#### Given records

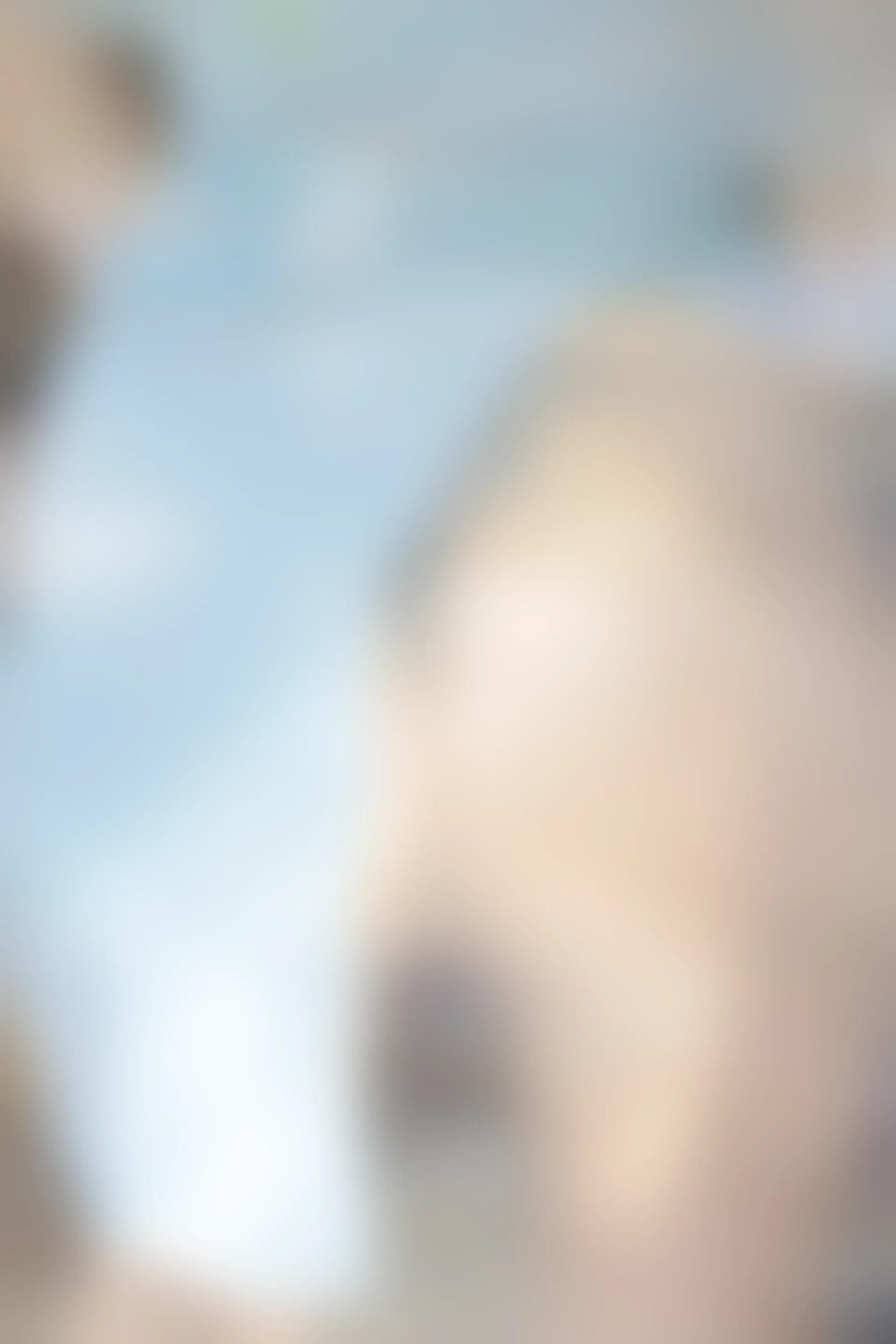 XiuRen秀人网 2021.10.13 No.4057 美七Mia 丰满美胸[74+1P／755MB]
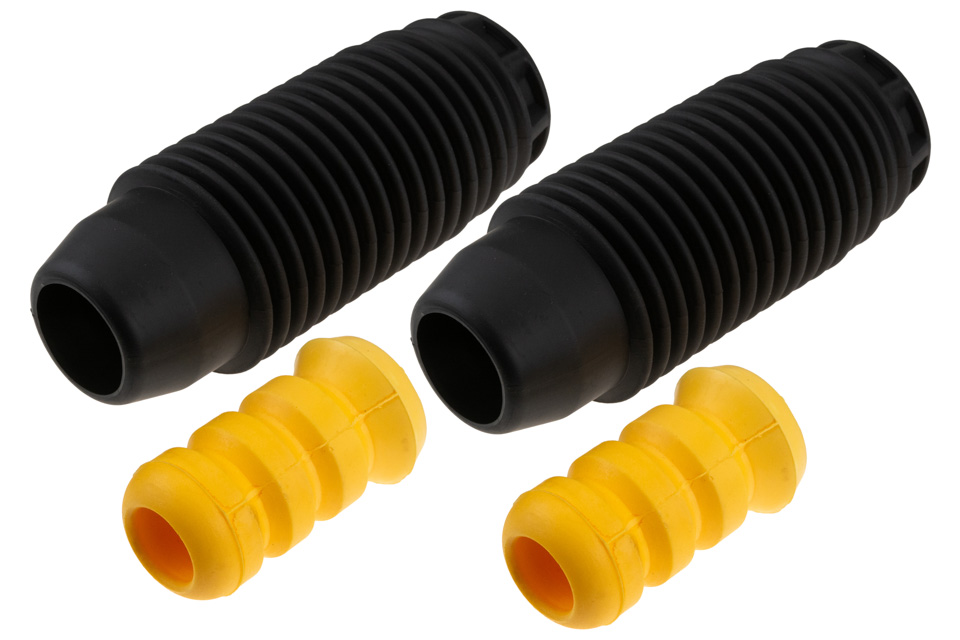 This part match OEM code: 525448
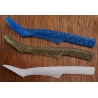 Leurre SHY GOBY 100 SPRO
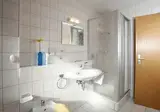 Appartementen Parkblick an der Therme foto 8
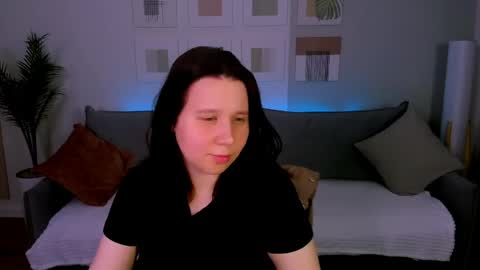 Charli online show from 04-15-26, 04:14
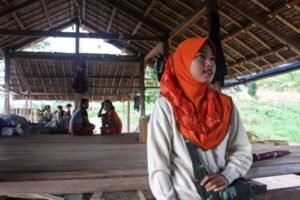 Umat Islam Bergabung dengan Budha dan Kristen Melawan Junta Militer Myanmar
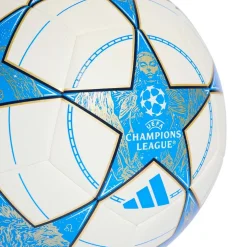 UCL Training 25/26 League Stage Voetbal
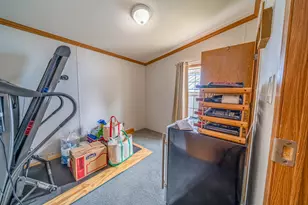 52 Cross Rd, Bucksport, ME 04416 - Photo 36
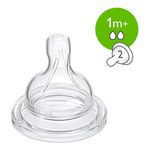 Tetina-Avent-Fluir-Lento-1-Meses-0872068901403-1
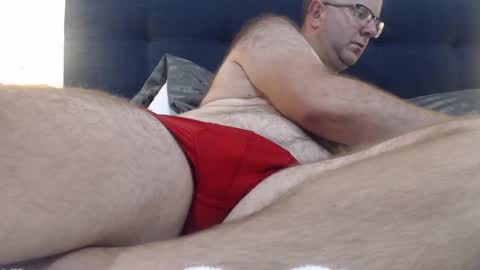 Snapshot of aotearoa31 chatting on February 2025 02:23:02 AM aotearoa31 online show from February 2025 02:23:02 AM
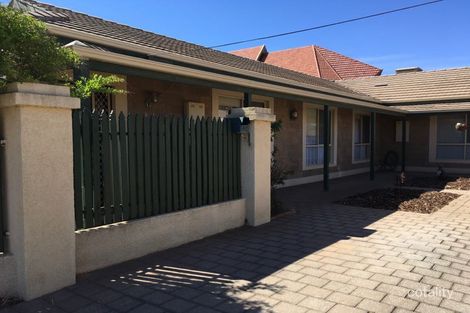 Property photo of 4/9 Langtree Parade Mildura VIC 3500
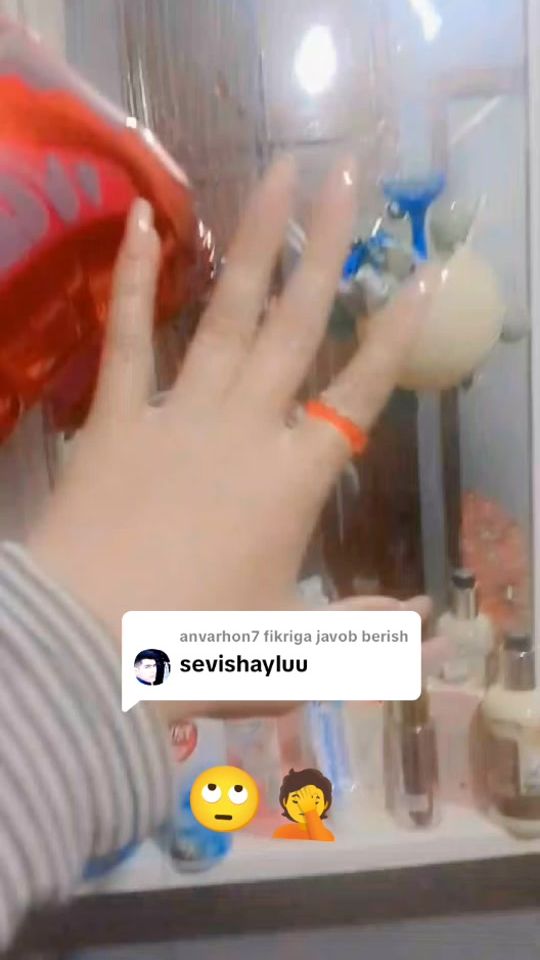 TikTok video thumbnail by dilimmm5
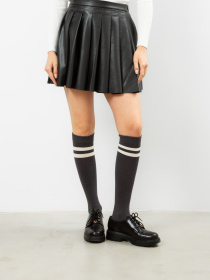 Гольфи Famo модель RY-768-3_03 Фото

#### Task brief
Output the material above verbatim but exclude each picture.

#### Result
 XiuRen秀人网 2021.10.13 No.4057 美七Mia 丰满美胸[74+1P／755MB]
 This part match OEM code: 525448
 Leurre SHY GOBY 100 SPRO
 Appartementen Parkblick an der Therme foto 8
 Charli online show from 04-15-26, 04:14
 Umat Islam Bergabung dengan Budha dan Kristen Melawan Junta Militer Myanmar
 UCL Training 25/26 League Stage Voetbal
 52 Cross Rd, Bucksport, ME 04416 - Photo 36
 Tetina-Avent-Fluir-Lento-1-Meses-0872068901403-1
 Snapshot of aotearoa31 chatting on February 2025 02:23:02 AM aotearoa31 online show from February 2025 02:23:02 AM
 Property photo of 4/9 Langtree Parade Mildura VIC 3500
 TikTok video thumbnail by dilimmm5
 Гольфи Famo модель RY-768-3_03 Фото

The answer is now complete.